- PROVIDED DATA -
━━━━━━━━━━━━━━━━
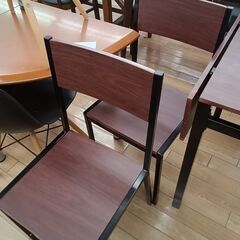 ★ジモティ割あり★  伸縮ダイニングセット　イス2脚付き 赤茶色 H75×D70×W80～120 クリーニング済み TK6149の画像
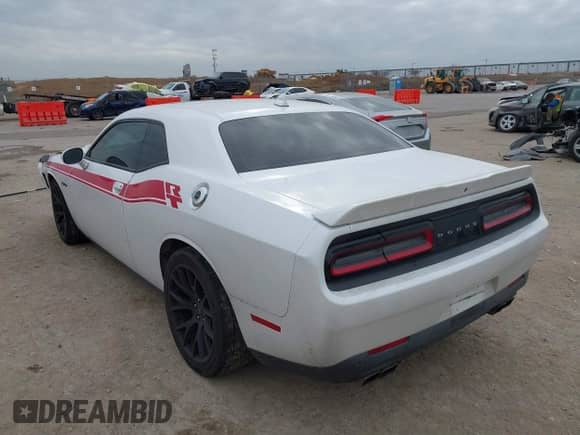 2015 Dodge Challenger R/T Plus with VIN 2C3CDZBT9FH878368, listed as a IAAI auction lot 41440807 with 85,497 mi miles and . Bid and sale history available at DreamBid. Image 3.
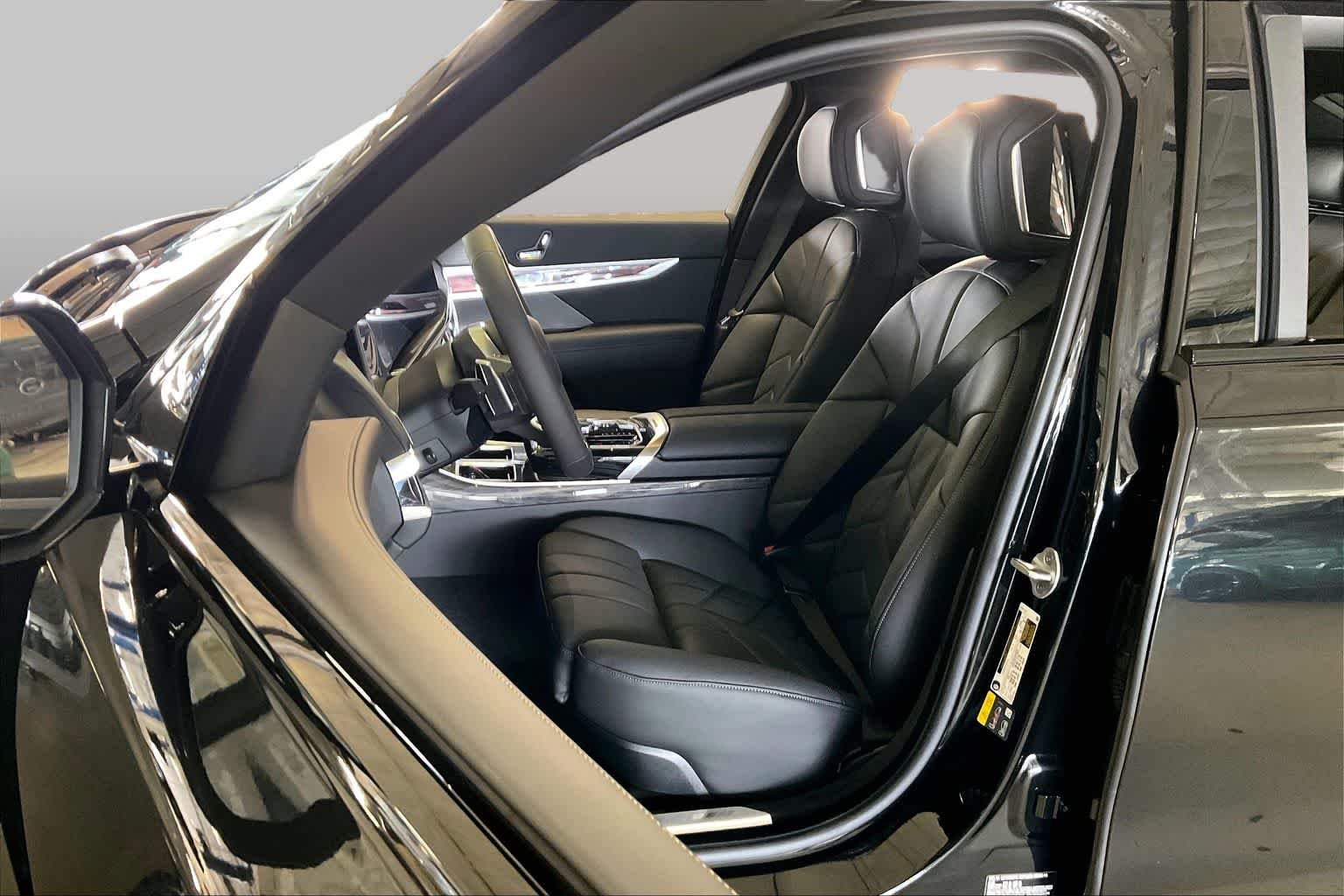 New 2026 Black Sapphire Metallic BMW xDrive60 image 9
━━━━━━━━━━━━━━━━
- PROBLEM STATEMENT -
Return the full listing exactly as it appears above, without its pictures.

- REPLY -
 ★ジモティ割あり★  伸縮ダイニングセット　イス2脚付き 赤茶色 H75×D70×W80～120 クリーニング済み TK6149の画像
 2015 Dodge Challenger R/T Plus with VIN 2C3CDZBT9FH878368, listed as a IAAI auction lot 41440807 with 85,497 mi miles and . Bid and sale history available at DreamBid. Image 3.
 New 2026 Black Sapphire Metallic BMW xDrive60 image 9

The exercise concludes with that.